Edla Eggert - As relações possíveis são a ousadia de buscar por meio da narrativa (auto)biográfica um caminho de histórias de vida. No caso de Frida, seus auto-retratos colocaram em evidência temas relacionados com muitas facetas da vida das mulheres: amores, abortos, violências, o corpo em dor, comidas, lutas políticas, animais, vestidos, família, líderes políticos e religiosos, todos numa micro-política estética dançando em torno dela.
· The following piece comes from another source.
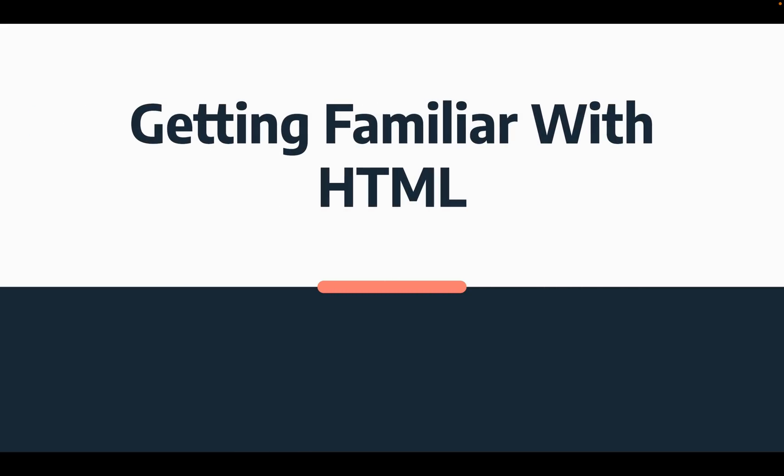Hello everyone, in this video I'm going to be getting you familiar and get you started with HTML. Now if you've never heard of HTML or you don't know what HTML is, that is fine because I'm going to be covering all of that in this video.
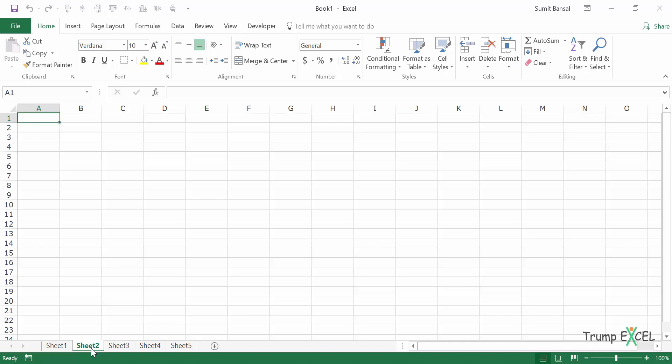Now, if you have a lot of worksheets in the workbook and you quickly want to hide or unhide those worksheets, you can use a very simple macro to do it. For example, if I have 20 sheets and I want to only keep Sheet1 — which is my active sheet — and I want all the other sheets to be Very Hidden so that no one can access those, I can use a simple macro.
Os quadros, quase todos num tamanho pequeno, parecem crescer em tamanho devido às temáticas retratadas. Também a teologia feminista realizada em pequenos grupos, desenvolvendo argumentos às vezes às margens, às vezes quase subsumida, tece outras possibilidades. Não a única, nem a melhor nem a pior simplesmente uma outra, de uma outra margem.

IHU On-Line – Qual é obra de Frida Kahlo, na sua opinião, que melhor representa a imagem da artista?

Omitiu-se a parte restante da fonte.